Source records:
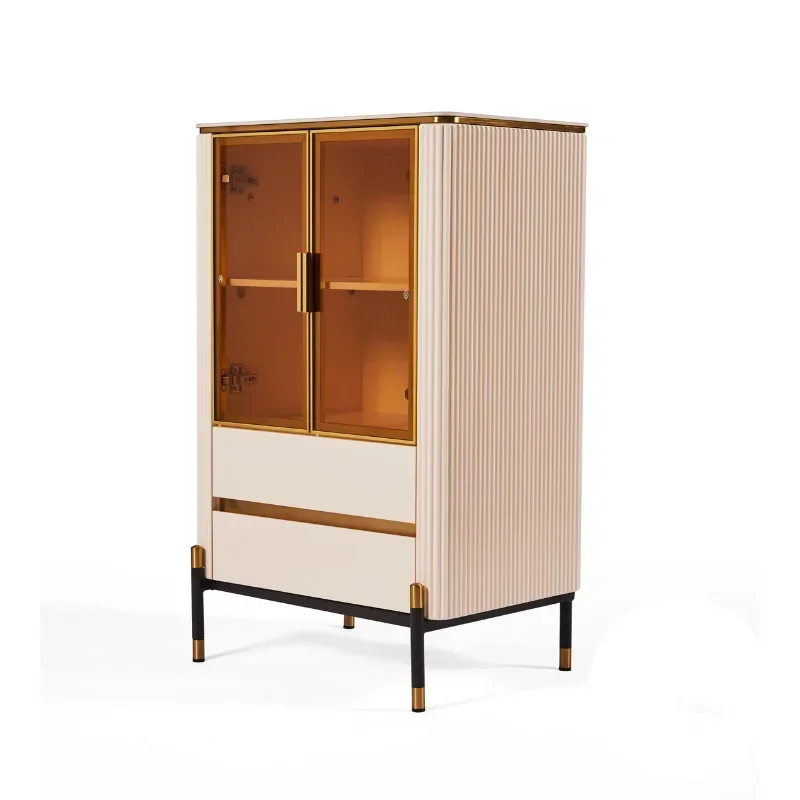 

New Arrival Custom Manufacturer Price Wine Curio Display Home Bar Wine Cellar Cabinet Whit Glod Side Buffet Sidebaord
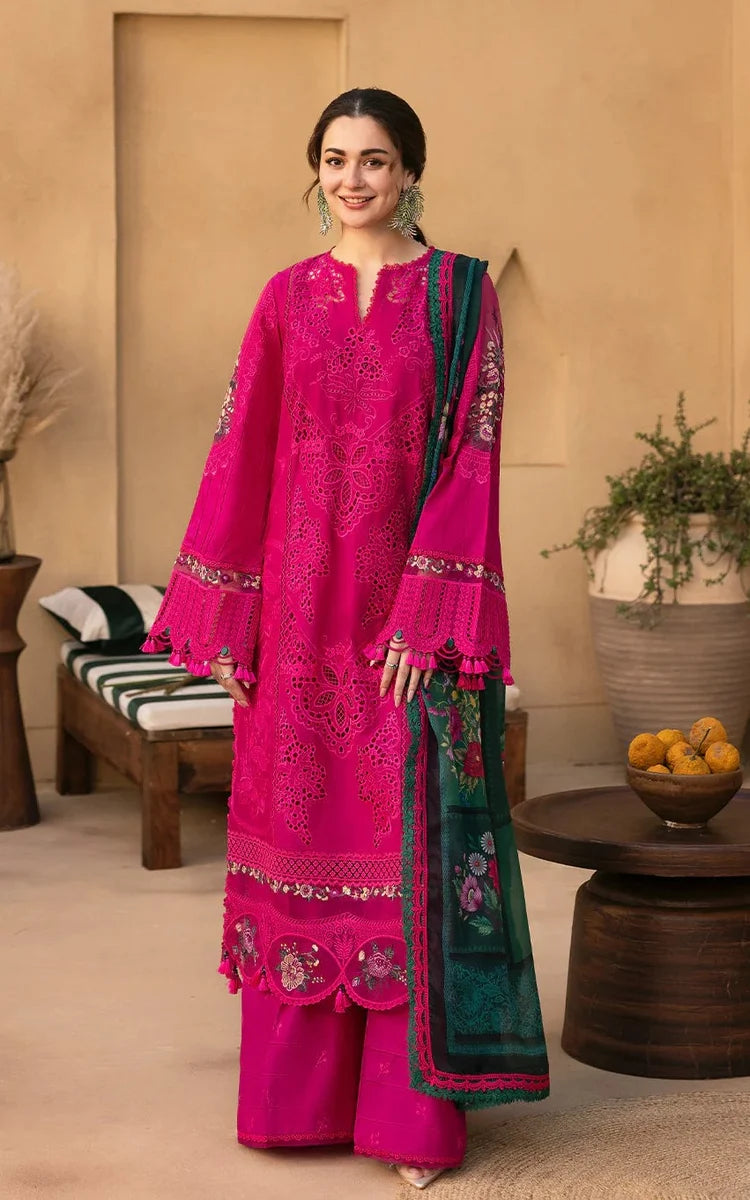 JADE-3PC DHANAK CHIKANKAARI EMBROIDERED SHIRT WITH WOOL PRINTED SHAWL AND TROUSER -W.J-5134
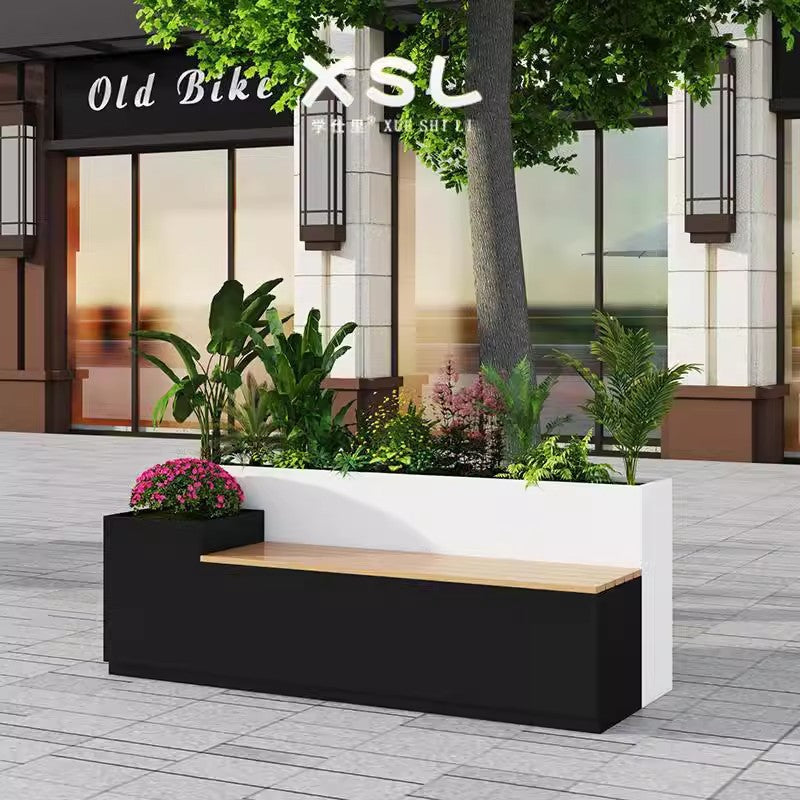 Outdoor stainless steel landscape flower box flower pool seat stool integrated square commercial street wrought iron planting box rest stool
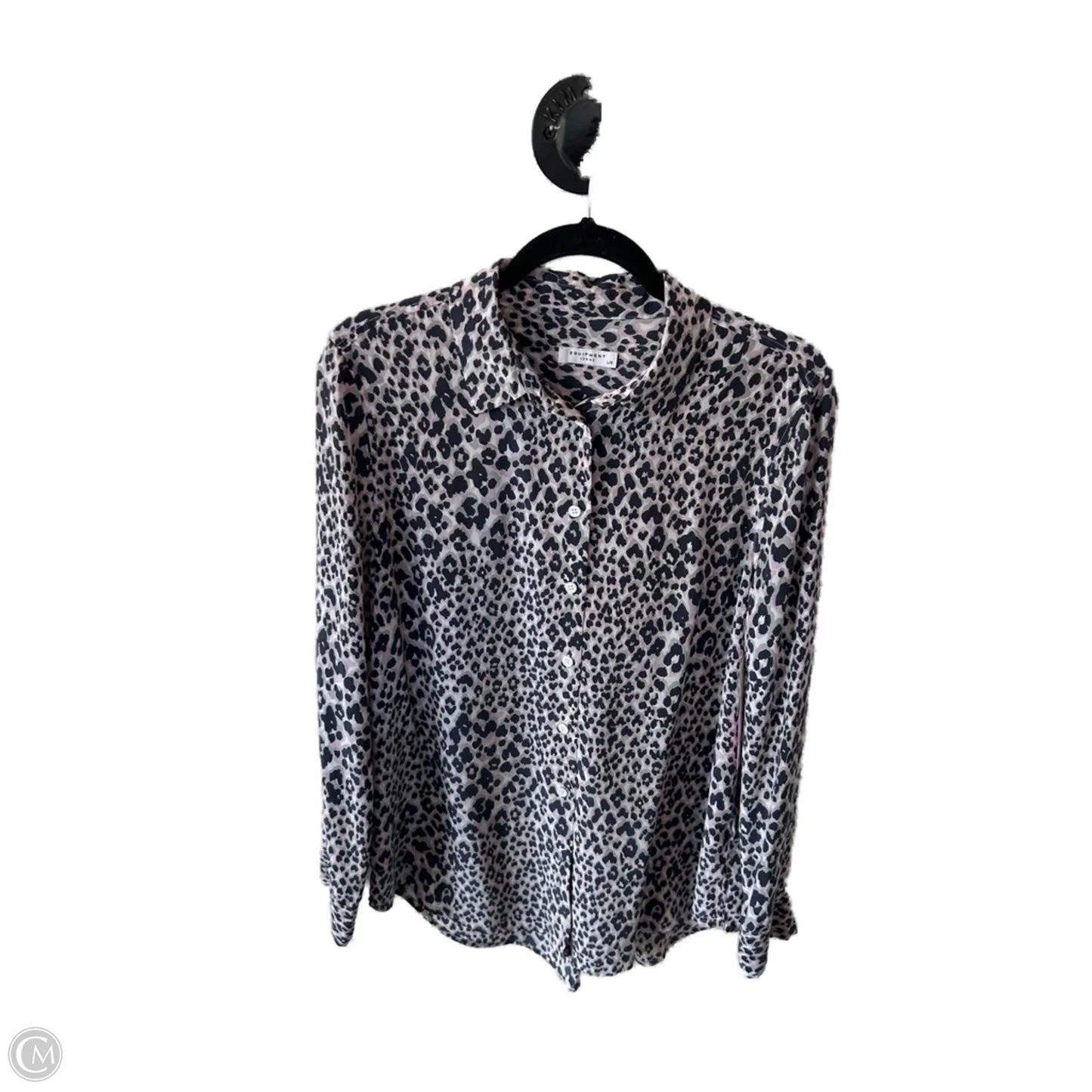 Top Long Sleeve By Equipment In Grey & Pink, Size: L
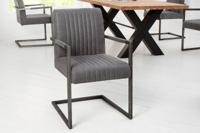 Moderne sledefauteuil BIG ASTON vintage grijs geborsteld ijzeren frame - 39083 - thumbnail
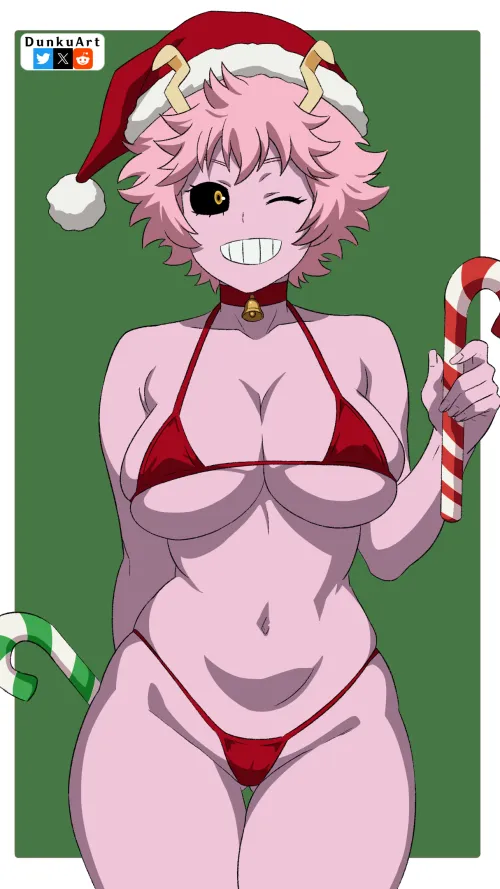 Thumbnail Festive and Flirty: Mina's Holiday Readiness in BokuNoEroAcademia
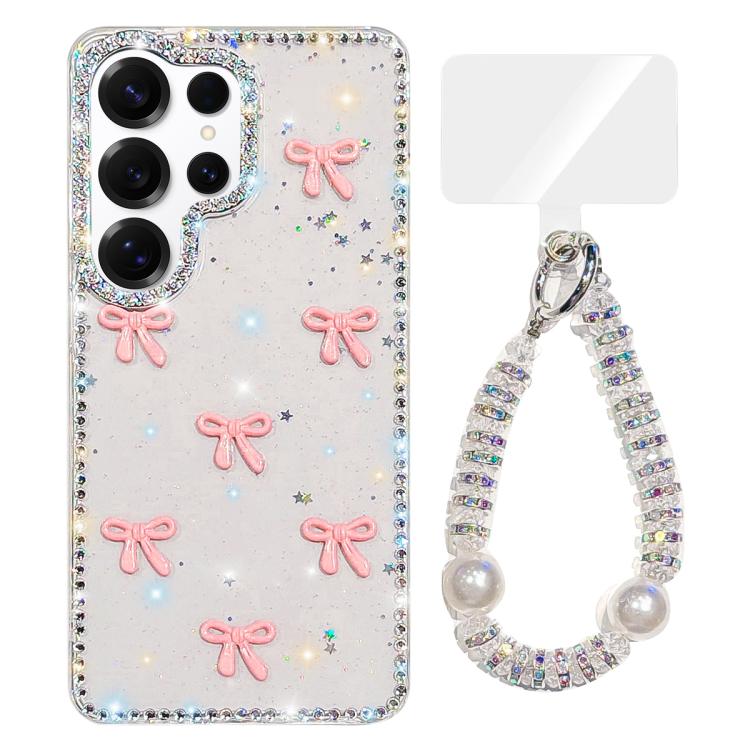 Custodia per telefono IMD con fiocco colorato scintillante e bracciale, For Samsung Galaxy S25 Ultra 5G, For Samsung Galaxy S24 FE 5G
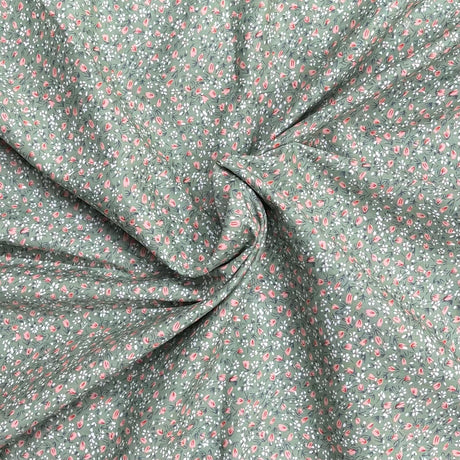 Pound A Metre 3  Metres Luxury Dressmaking 100% Digital Printed Cotton Lawn- 55" (Sage Garden)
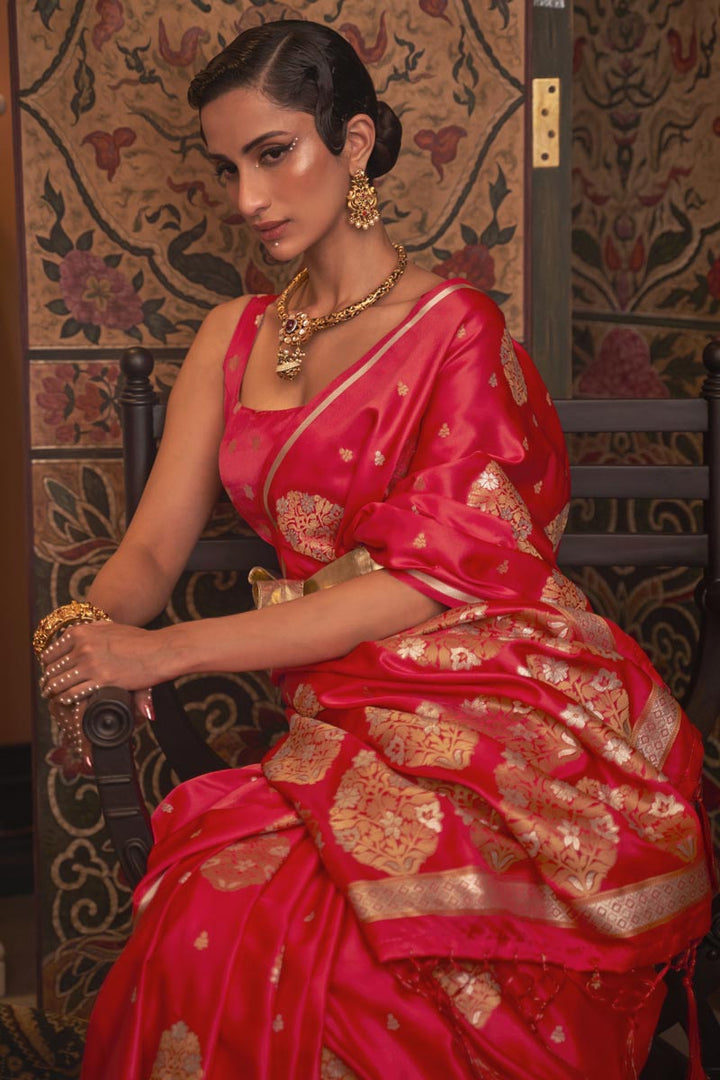 Beguiling Red Color Satin Fabric Party Style Saree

■ **Exercise instructions**: Pictures do not belong in the copy. Repeat only the lines from the top of the records through the line containing "Top Long Sleeve".

■ **Result for this task**:
New Arrival Custom Manufacturer Price Wine Curio Display Home Bar Wine Cellar Cabinet Whit Glod Side Buffet Sidebaord
 JADE-3PC DHANAK CHIKANKAARI EMBROIDERED SHIRT WITH WOOL PRINTED SHAWL AND TROUSER -W.J-5134
 Outdoor stainless steel landscape flower box flower pool seat stool integrated square commercial street wrought iron planting box rest stool
 Top Long Sleeve By Equipment In Grey & Pink, Size: L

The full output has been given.